* Exercise goal
Using the records below, write out again exactly the lines that begin at the line containing "Unseen HALA - BALA" and end at the line containing "Main image tiger heron hunting", and no other lines.

* Source data
○ ○ ○

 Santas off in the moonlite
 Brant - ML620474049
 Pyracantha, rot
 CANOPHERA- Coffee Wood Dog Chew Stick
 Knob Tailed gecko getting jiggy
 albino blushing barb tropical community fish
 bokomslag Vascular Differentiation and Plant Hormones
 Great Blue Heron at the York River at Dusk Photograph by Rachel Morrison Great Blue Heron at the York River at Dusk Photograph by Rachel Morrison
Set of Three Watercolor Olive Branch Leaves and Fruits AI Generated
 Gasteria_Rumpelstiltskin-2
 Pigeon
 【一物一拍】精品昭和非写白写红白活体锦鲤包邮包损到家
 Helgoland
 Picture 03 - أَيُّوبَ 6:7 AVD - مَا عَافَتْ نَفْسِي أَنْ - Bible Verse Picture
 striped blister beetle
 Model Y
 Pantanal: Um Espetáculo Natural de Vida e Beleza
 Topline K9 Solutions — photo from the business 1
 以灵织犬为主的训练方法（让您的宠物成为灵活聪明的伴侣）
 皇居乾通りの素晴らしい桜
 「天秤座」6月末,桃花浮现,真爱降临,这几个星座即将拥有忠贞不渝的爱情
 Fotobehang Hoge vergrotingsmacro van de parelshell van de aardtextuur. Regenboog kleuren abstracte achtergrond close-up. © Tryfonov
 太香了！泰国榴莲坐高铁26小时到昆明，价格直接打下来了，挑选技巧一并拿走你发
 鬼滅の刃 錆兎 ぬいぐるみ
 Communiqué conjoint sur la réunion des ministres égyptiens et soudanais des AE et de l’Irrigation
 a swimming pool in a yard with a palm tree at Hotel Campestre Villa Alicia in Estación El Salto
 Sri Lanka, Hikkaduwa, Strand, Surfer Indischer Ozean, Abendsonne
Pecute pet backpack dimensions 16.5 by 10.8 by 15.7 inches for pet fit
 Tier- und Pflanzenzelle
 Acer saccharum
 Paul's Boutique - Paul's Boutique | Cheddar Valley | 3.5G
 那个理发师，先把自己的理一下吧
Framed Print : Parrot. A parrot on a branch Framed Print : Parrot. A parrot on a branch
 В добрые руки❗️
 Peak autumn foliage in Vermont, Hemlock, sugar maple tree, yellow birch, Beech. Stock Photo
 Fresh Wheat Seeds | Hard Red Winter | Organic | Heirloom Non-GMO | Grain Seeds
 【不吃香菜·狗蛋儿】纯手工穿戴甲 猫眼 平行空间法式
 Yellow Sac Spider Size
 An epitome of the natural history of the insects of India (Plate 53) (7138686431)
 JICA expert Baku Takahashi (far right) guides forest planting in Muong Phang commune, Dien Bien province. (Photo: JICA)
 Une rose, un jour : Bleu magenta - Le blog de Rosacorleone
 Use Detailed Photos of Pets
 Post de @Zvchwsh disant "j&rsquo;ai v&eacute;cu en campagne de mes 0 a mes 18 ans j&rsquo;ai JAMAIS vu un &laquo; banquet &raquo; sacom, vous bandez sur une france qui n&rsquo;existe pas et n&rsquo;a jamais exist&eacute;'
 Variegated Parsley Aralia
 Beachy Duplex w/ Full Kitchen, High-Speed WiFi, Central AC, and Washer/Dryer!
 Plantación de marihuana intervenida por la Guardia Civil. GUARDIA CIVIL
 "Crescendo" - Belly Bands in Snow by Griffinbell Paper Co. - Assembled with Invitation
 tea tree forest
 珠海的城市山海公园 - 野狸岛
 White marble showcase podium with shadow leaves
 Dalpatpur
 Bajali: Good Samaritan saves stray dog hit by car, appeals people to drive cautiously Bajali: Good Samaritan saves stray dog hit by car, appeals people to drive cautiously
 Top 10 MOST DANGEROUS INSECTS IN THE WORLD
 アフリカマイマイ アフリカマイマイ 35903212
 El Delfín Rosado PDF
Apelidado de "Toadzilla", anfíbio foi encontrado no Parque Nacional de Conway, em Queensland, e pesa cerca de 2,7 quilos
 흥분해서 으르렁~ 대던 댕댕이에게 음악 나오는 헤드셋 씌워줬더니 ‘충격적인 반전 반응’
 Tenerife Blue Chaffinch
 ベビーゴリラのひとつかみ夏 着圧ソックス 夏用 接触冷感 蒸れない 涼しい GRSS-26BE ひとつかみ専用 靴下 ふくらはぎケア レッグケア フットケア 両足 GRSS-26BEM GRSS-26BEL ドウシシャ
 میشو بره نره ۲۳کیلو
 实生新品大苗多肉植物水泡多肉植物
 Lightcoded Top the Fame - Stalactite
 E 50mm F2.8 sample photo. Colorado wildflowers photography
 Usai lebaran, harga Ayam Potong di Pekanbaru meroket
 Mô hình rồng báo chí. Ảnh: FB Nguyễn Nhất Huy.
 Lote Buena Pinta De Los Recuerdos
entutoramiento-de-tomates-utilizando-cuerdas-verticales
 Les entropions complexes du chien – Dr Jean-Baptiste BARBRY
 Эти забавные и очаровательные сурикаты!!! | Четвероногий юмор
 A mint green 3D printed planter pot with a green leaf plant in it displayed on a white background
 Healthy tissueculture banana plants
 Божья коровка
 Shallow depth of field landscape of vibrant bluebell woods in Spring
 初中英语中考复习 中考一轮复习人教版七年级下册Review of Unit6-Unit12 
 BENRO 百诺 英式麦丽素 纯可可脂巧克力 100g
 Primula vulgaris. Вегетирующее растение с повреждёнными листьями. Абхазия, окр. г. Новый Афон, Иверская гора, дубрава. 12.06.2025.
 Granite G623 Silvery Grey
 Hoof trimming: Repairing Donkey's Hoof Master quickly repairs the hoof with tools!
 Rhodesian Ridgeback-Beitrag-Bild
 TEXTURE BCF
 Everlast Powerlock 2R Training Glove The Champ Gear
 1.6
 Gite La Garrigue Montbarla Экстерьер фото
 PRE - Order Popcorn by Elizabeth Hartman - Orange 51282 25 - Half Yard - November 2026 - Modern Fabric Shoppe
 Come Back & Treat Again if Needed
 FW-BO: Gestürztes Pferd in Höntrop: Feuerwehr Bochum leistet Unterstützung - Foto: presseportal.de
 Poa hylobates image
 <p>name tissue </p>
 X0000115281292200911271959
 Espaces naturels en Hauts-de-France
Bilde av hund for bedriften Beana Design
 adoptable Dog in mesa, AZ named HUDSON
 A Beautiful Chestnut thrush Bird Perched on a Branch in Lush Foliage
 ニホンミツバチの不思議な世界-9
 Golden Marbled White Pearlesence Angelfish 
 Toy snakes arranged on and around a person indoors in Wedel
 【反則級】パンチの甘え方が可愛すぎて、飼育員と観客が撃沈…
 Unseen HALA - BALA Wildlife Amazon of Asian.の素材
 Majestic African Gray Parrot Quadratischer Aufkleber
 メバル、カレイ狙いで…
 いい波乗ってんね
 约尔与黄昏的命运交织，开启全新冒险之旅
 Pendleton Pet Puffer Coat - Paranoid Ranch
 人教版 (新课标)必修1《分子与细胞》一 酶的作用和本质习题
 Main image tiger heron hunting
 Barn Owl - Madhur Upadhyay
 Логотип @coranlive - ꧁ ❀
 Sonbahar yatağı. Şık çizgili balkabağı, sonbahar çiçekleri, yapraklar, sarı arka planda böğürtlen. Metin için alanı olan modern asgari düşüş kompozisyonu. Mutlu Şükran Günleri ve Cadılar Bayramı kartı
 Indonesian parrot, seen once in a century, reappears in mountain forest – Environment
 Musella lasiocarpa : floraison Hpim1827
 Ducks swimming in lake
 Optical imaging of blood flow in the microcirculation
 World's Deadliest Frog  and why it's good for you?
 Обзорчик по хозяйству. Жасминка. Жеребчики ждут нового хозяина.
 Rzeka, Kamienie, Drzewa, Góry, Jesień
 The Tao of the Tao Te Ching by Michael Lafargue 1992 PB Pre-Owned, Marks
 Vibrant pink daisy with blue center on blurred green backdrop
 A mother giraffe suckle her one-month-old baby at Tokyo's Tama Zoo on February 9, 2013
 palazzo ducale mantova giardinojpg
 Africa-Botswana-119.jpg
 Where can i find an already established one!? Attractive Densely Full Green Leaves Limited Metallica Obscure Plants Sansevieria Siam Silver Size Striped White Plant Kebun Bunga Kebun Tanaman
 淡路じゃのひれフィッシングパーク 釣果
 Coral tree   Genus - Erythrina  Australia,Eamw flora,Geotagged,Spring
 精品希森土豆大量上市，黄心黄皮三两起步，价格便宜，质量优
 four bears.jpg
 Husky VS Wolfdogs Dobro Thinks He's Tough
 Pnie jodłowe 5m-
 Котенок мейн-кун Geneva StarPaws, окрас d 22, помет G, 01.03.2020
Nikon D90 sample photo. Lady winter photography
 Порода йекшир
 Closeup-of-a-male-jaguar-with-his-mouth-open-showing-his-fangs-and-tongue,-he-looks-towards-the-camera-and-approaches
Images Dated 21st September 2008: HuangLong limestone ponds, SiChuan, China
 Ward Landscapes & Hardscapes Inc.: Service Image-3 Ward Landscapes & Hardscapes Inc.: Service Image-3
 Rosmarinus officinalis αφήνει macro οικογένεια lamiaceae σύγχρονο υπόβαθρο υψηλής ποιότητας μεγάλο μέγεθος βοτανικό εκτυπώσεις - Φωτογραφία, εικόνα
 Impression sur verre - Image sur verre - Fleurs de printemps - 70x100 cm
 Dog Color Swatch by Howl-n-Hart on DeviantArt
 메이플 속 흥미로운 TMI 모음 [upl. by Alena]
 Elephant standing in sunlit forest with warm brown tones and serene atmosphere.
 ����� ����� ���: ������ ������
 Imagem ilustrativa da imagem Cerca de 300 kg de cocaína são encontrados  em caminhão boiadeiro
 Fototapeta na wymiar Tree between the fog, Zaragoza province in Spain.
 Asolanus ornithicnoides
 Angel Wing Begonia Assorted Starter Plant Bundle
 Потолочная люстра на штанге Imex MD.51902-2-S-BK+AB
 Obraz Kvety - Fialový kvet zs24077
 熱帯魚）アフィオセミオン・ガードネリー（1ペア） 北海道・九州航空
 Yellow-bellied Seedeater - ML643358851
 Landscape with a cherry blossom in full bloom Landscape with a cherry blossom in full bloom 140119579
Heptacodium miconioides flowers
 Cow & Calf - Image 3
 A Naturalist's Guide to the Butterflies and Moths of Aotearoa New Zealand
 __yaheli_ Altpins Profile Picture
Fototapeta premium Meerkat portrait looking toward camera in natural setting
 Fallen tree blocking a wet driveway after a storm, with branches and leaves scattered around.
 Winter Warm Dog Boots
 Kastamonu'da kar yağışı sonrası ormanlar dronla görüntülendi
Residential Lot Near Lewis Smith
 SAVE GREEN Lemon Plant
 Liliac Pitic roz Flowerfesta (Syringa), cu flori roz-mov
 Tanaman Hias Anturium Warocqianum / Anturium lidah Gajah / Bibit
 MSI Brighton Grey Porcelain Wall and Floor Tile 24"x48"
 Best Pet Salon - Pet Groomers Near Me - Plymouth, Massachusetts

○ ○ ○

* Output for this task
 Unseen HALA - BALA Wildlife Amazon of Asian.の素材
 Majestic African Gray Parrot Quadratischer Aufkleber
 メバル、カレイ狙いで…
 いい波乗ってんね
 约尔与黄昏的命运交织，开启全新冒险之旅
 Pendleton Pet Puffer Coat - Paranoid Ranch
 人教版 (新课标)必修1《分子与细胞》一 酶的作用和本质习题
 Main image tiger heron hunting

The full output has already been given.